In the Dhufari mobilisation against the Anglo-Sultanic rule, Takriti identifies different currents: tribalist, Dhufarist and republican. When the Dhufar Liberation Movement (DLF) launched its armed struggle in 1965, the main internal tension was between the supporters of ‘Dhufar for the Dhufahris’, which viewed Oman as the colonial power; and those who embraced Nasserism, arguing that the Dhufari revolution was part of a wider struggle to liberate the Arabian peninsula from British imperialism and the dynastic rulers. The revolutionaries attracted runaway slaves to their ranks, and found popular support among the herdsmen and peasants in the mountains where they set up base areas, sourcing their weapons from South Yemen. In response, the British-equipped and -officered Sultan’s Armed Forces (SAF) bombed and laid siege to the rebel areas, applying classic counterinsurgency tactics. The initiative in the DLF passed to the Nasserites, but only until the cataclysmic impact of Egypt’s military defeat in 1967. It was MAN that served as the intellectual seedbed for the DLF’s subsequent radicalisation. For Arab revolutionaries, both Nasserism and the Soviet style Marxism-Leninism had revealed their limitations. At the same time, new prospects were opened by the NLF’s triumph in South Yemen, and by China’s left turn during the Cultural Revolution. The ensuing leftward trend in MAN and among Dhufari revolutionaries was reflected in the DLF’s reconstituting itself, in 1968, as the Popular Front for the Liberation of the Occupied Arab Gulf (PFLOAG).
Takriti vividly evokes the radical social orientation of PFLOAG in relation to women’s oppression by profiling two women activists who joined the revolutionary movement. Some of the changes in gender relations in the liberated areas, such as the complete cancellation of dowry payments and equality in inheritance, had to be scaled back in the face of conservative opposition, but there were some impressive achievements nonetheless. Polygamy and female genital mutilation were forbidden, and education was made compulsory for girls. By contrast, the class transformation that occurred is less clearly depicted.
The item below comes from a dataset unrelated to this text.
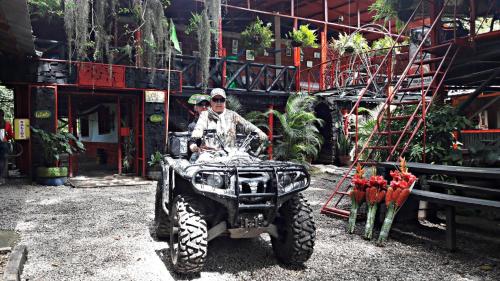 Imagen de presentación de FINCA HOSTAL LA DANTA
Perhaps the liberation struggle was defeated too soon for the Front, and consequently for later studies, to have the information to evaluate the social impact of the abolition of slavery, the suppression of sheikhs, the breaking down of tribal barriers, sedentarisation, the collectivisation of some land, and the formation of rural cooperatives. In any case, the SAF’s military attacks made it difficult for the revolution to consolidate these social changes, and the British succeeded in rekindling tribal divisions and recruiting disillusioned Dhufari fighters.
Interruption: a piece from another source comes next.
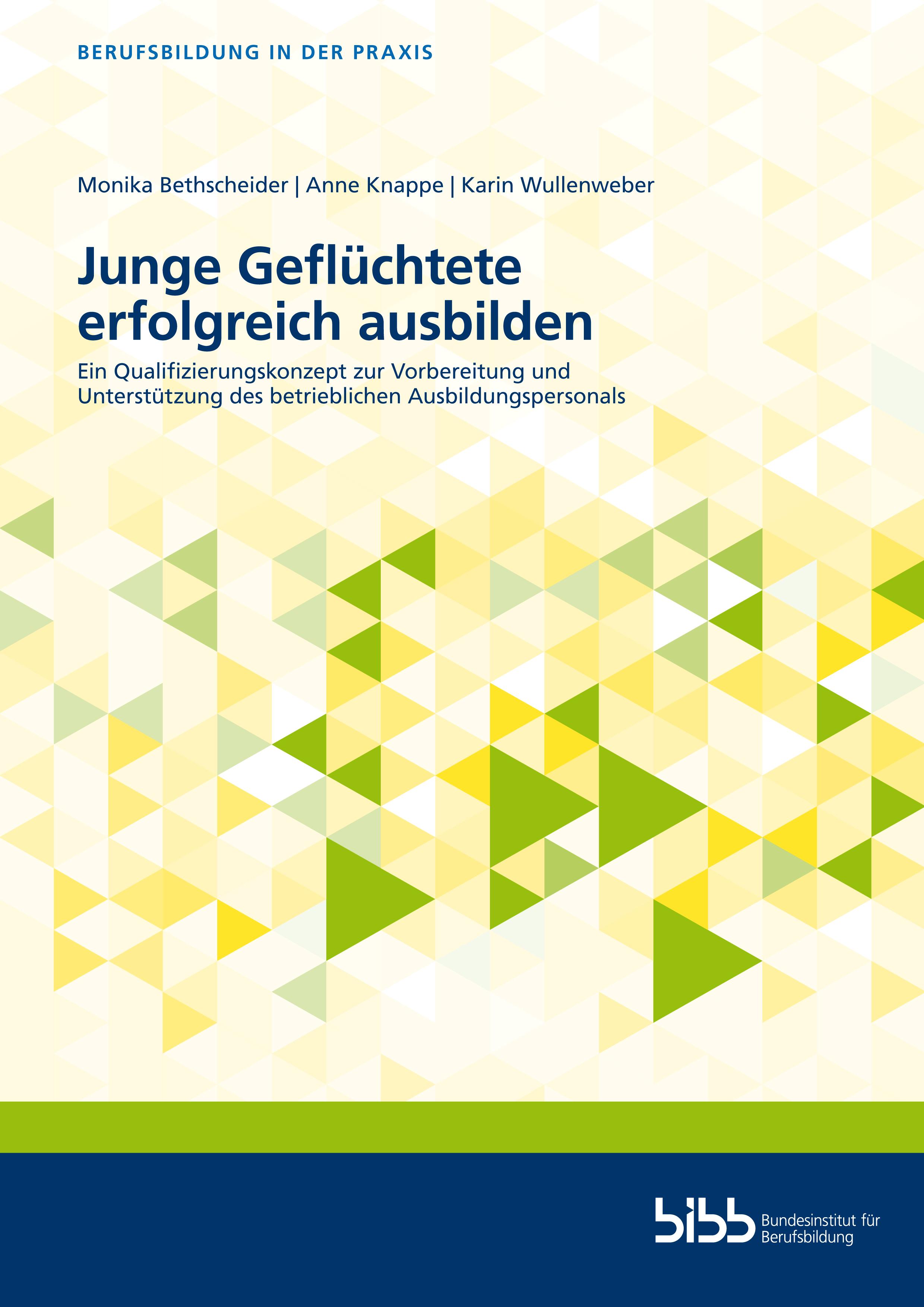 Vorderes Coverbild Junge Geflüchtete erfolgreich ausbilden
The internal weaknesses of the revolution might have been overcome but for the formidable military forces launched against it in which Iran and Jordan joined Britain. The international support network for south Arabia’s revolutionaries proved less solid than the ties binding British imperial interests to its reactionary regional allies, but the heroes in this war turn out to have been those who dared to imagine a post-imperial order. Takriti’s study will not let British officialdom and SAS propagandists have the last word.